Bild: Guillermo Fariñas, während der Regeneration nach seinem Hungerstreik im…
taz: Herr Fariñas, die Appelle von Jerzy Buzek, dem Präsidenten des
Europäischen Parlaments, haben nichts bewirkt. Sie werden nicht zugegen
sein, wenn Ihnen der Sacharow-Preis für geistige Freiheit verliehen wird.
Haben Sie das so erwartet?
Guillermo Fariñas: Ich wäre sehr gern nach Straßburg gereist. Aber viel
Hoffnung hatte ich nicht. Und vorige Woche wurde mir endgültig klar, dass
ich die Papiere nicht bekommen würde. Ich habe zwar einen Pass, aber um zu
reisen, benötige ich eine Ausreiseerlaubnis. Die habe ich nicht erhalten.
Warum nicht?
Ich denke, weil die Regierung den direkten Austausch der pazifistischen
Opposition auf Kuba, zu der ich gehöre, und den Abgeordneten des
EU-Parlaments und den Unterstützern in Europa fürchtet. Es gibt einen
Unterschied zwischen dem direkten Dialog und den überwachten
Telefongesprächen.
Wird es eine Videobotschaft für das EU-Parlament oder etwas Ähnliches von
Ihnen geben?
Bisher ist so etwas nicht geplant.
International sind Sie vor allem durch Ihre mehr als zwanzig Hungerstreiks
bekannt geworden. Warum haben Sie derart oft zu diesem Mittel gegriffen?

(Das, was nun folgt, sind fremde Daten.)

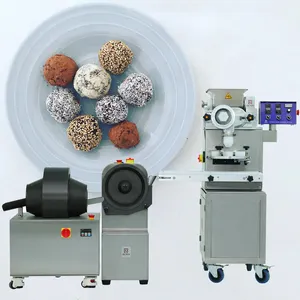 Machine à enrober les boules de dattes machine à enrober les boules de noix de coco machines à boules de beurre d'arachide pour petites entreprises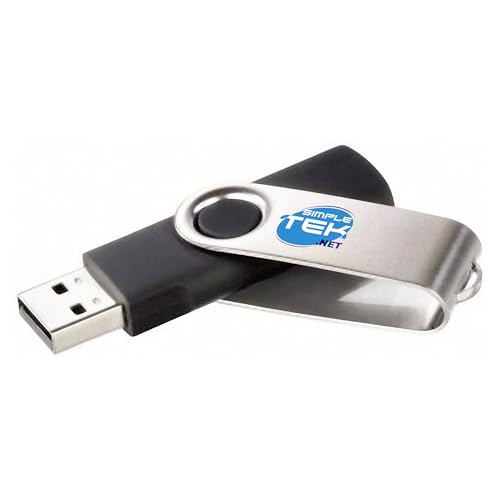 Clé USB 2.0 8GB SIMPLETEK mémoire flash portable pas cher - 3
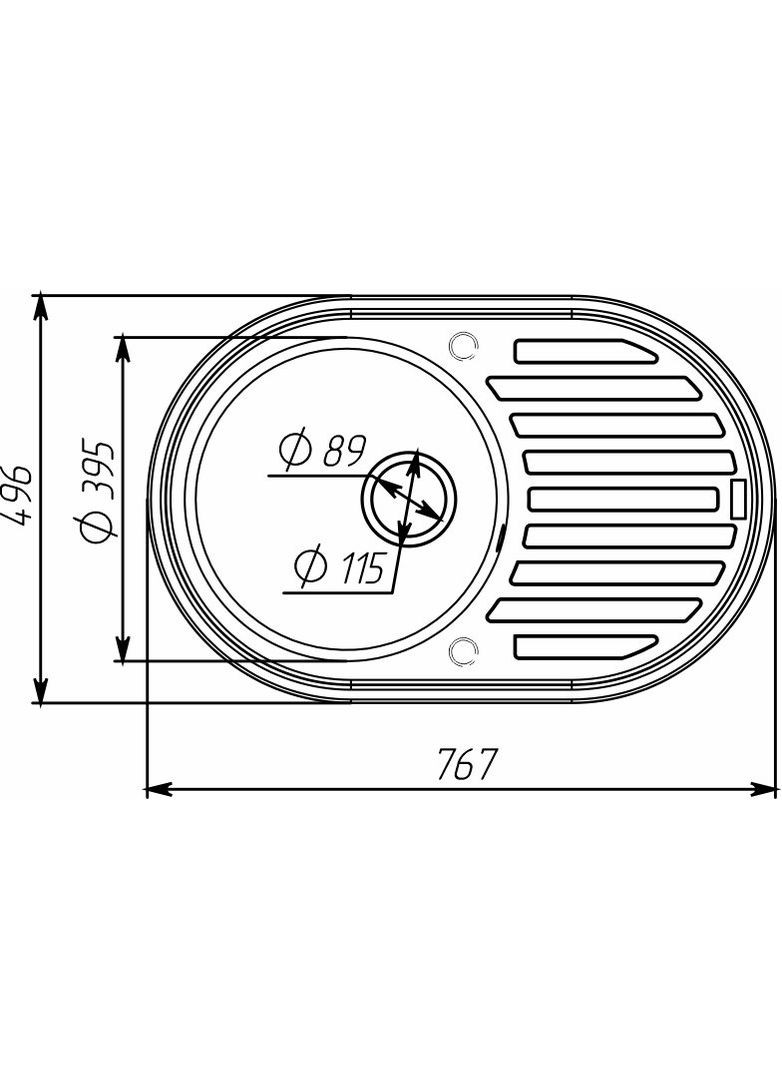 Гранитная мойка для кухни LIRA 7750 матовая Дюна Valeso (358059602)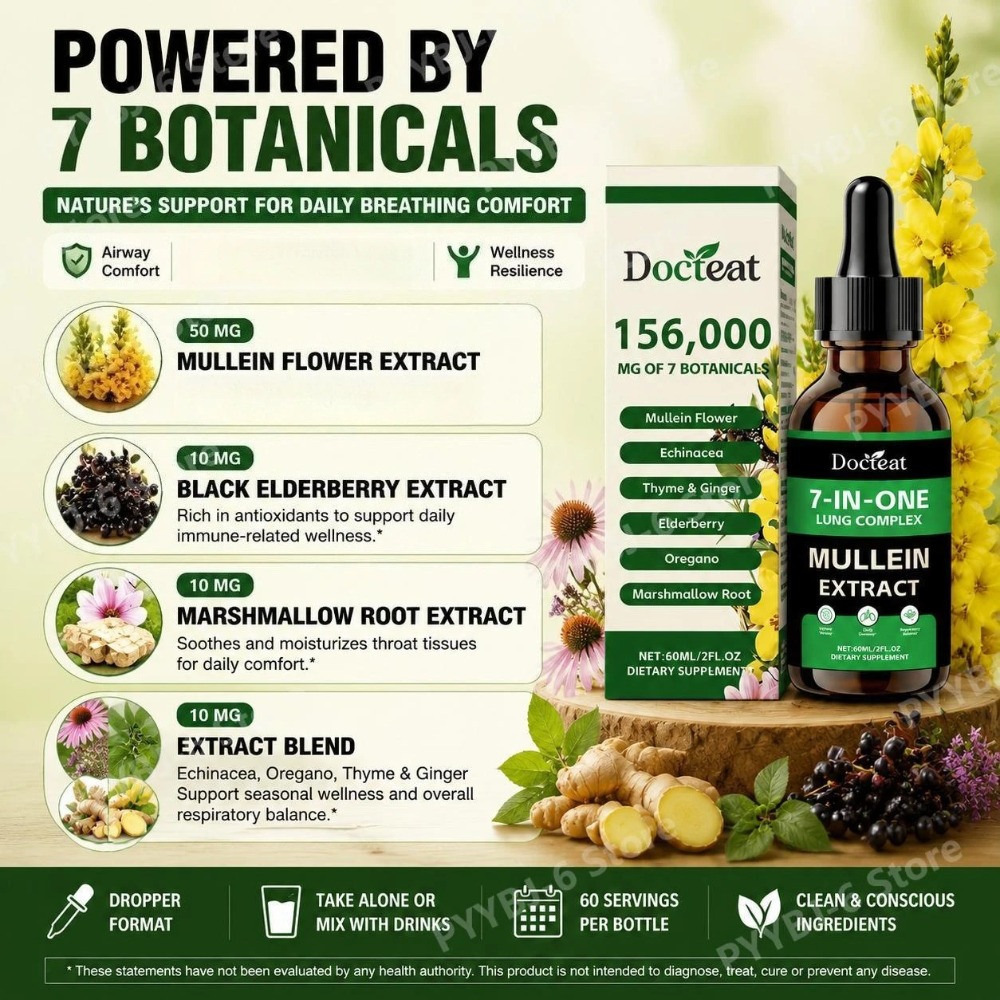 Docteat 7-in-1 Königskerzenext – Herbal And Wellness Bewertung und Preis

Der Hungerstreik ist ein extremes Mittel, damit die Regierung uns und
unsere Position überhaupt wahr- und ernst nimmt. Aber es ist nur das letzte
Mittel, denn ich bin auch als unabhängiger Journalist tätig. Ich schreibe,
informiere in einem Blog und in einer unabhängigen Presseagentur, die Foro
Cubanácan Press heißt. Da wird über die Realitäten und Meinungen berichtet,
die in den Medien des staatlichen Sozialismus keine Berücksichtigung
finden. Zudem arbeiten wir im Rahmen des Netzwerkes der unabhängigen
Bibliotheken und sorgen dafür, dass die Bevölkerung etwas anderes lesen
kann als die durch die Zensur gebilligten Publikationen.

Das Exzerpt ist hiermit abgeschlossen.